花厅内早摆开九曲流觞宴,琉璃盏盛满西域葡萄酒,烛火映得满堂金红。瑞王高坐主位,看着阶下跪拜的工部尚书将翡翠如意捧过头顶,突然想起地下赌坊里那些赌他登基的赌注,喉间溢出绵长的笑:“都起来!今夜不醉不归!”
酒过三巡,气氛愈发火热。御史中丞晃着醉步举盏:“王爷文能安邦,武能定国,这龙椅本该是您……”话音未落,众人已齐声附和,赞美声浪几乎掀翻鎏金藻井。瑞王端着酒杯的手微微颤抖,酒液顺着杯沿滴在明黄丝帕上,晕开的暗红恰似他眼底翻涌的野心。
“陛下深入疫区,吉凶难测啊。”礼部侍郎压低声音,目光扫过众人,“王爷仁心仁德,若能……”话未说完便被碰杯声淹没,瑞王仰头饮尽杯中酒,任由温热的液体灼烧喉咙。他望着窗外高悬的冷月,恍惚间仿佛看见金銮殿上的蟠龙柱正朝自己蜿蜒而来。
瑞王府内,灯火辉煌,酒宴虽散,奢靡之气仍弥漫在空气中。瑞王趔趄着脚步,抬手扯松领口的盘扣,酒意上头,眼神中满是放纵的迷醉。
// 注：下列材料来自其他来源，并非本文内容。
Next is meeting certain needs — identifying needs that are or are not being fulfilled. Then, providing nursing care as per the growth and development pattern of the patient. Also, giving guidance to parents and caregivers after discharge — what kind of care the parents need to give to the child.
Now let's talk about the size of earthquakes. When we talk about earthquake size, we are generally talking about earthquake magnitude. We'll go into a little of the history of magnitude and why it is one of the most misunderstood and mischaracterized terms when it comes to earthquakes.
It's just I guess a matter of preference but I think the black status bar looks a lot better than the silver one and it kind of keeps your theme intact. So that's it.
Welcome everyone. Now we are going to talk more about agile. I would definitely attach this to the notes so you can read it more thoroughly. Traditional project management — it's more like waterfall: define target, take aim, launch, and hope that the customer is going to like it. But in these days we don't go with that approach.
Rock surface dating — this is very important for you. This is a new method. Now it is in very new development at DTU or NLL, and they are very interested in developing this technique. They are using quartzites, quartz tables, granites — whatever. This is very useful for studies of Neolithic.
他一边哼着不成调的小曲,一边抬脚迈向内院,脑海中已勾勒出与林如雪幽会的旖旎画面。
就在他即将跨出回廊之际,一阵急促而沉稳的脚步声从暗影中传来。只见一名身形矫健的探子,如鬼魅般从垂花门一闪而入。他身着夜行衣,衣角沾满露水,鞋面上还带着城外的泥星子,显然是一路疾驰而来。
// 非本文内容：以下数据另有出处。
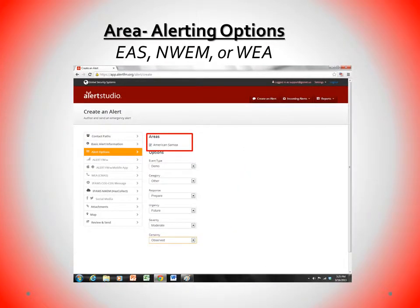It is very common for users to forget to select an area when sending a WIA, EAS, or NMWIN message. Make sure you select an area under the Alerting Options tab so that the system knows what area to send the message to.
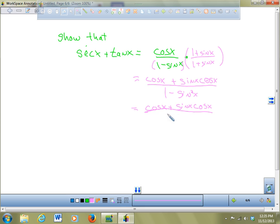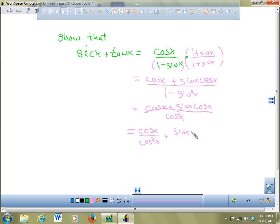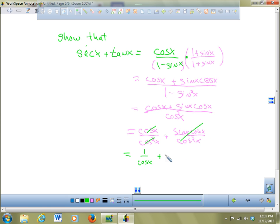Now split the numerator: cosine x over cosine squared x plus sine x cosine x over cosine squared x. The first term simplifies to 1 over cosine x, which is secant x. The second simplifies to sine x over cosine x, which is tan x. So the right side equals secant x plus tan x, and we're done.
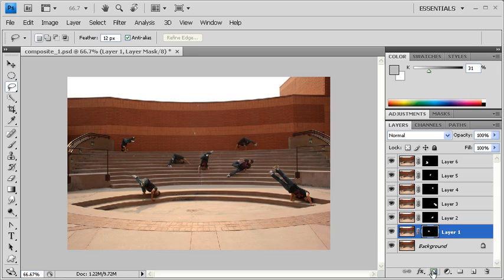Once you've gotten to Layer 1, you're all finished. You can choose to flatten the image or just leave it as is and save it.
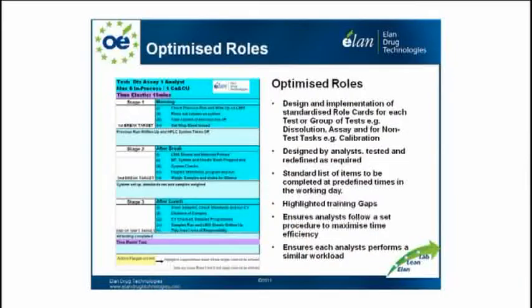It's fairly obvious when you think about it, but it's just when you go to analyse these things, you see it yourself. As part of the optimised roles, we also designed role cards around each test or group of tests. These were for dissolution, ASA, or any non-test tasks, which are included on the role card too.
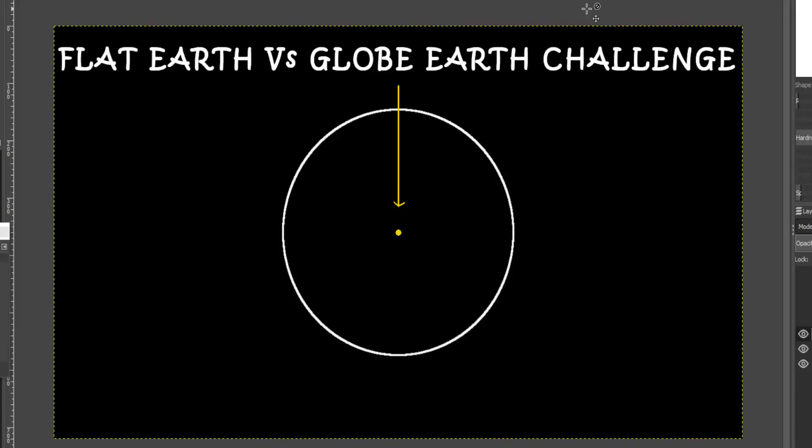Hello, flat earth researchers, debaters and debunkers. It's a common misunderstanding or assumption by anti-flat earthers or globe earth defenders that flat earthers just don't understand, or are too stupid to get the globe earth model.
探子单膝跪地,动作干净利落,双手高高举起一封密信,信上的火漆封印透着几分神秘与紧迫。“报,瑞王!”他压低声音,语气中带着一丝不易察觉的紧张,“这是最新的探报!”
瑞王脚步猛地顿住,醉意瞬间褪去几分,眯着眼打量眼前的探子。“念!”他一甩衣袖,在一旁的石凳上坐下,脸上又恢复了平日里的阴鸷与狠厉。
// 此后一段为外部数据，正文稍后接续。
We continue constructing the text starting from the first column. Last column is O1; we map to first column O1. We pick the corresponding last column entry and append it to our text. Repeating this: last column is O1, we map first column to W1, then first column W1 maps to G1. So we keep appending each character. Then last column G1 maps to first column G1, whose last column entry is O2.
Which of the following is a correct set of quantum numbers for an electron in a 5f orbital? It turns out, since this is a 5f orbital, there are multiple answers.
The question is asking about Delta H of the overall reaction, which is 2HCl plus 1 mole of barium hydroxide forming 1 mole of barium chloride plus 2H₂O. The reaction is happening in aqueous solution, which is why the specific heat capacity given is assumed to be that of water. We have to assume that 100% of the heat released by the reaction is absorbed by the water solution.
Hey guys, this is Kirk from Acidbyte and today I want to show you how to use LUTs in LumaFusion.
探子小心翼翼地展开信纸,在摇曳的灯笼光影下,将信中内容逐字逐句道来。随着探子的汇报,瑞王的脸色愈发阴沉,原本微微上扬的嘴角此刻紧紧抿成一条直线,眼中闪过一丝杀意。
听完汇报,瑞王沉默片刻,随后冷哼一声:“给本王盯紧了!他身边的一举一动,都不许放过!”
“是!”探子领命,身形一闪,便消失在夜色之中,只留下瑞王独自坐在原地,目光凝视着远方,似乎在谋划着一场更为可怕的阴谋。
金陵城上空烈日高悬,滚烫的阳光却驱散不了空气中的疲惫。燕景霆倚着营帐的木杆,鎏金战甲的肩甲早已被汗水浸透,在日光下泛着冷硬的光。身旁的将士们横七竖八地倒在空地上,长枪随意插在碎石间,染血的披风裹着铠甲,就这么沉沉睡去。远处流民们无声地望着这一幕,有老妇偷偷抹泪,孩童攥着冷硬的窝头,红着眼眶把自己最后半口水壶放在熟睡士兵身侧。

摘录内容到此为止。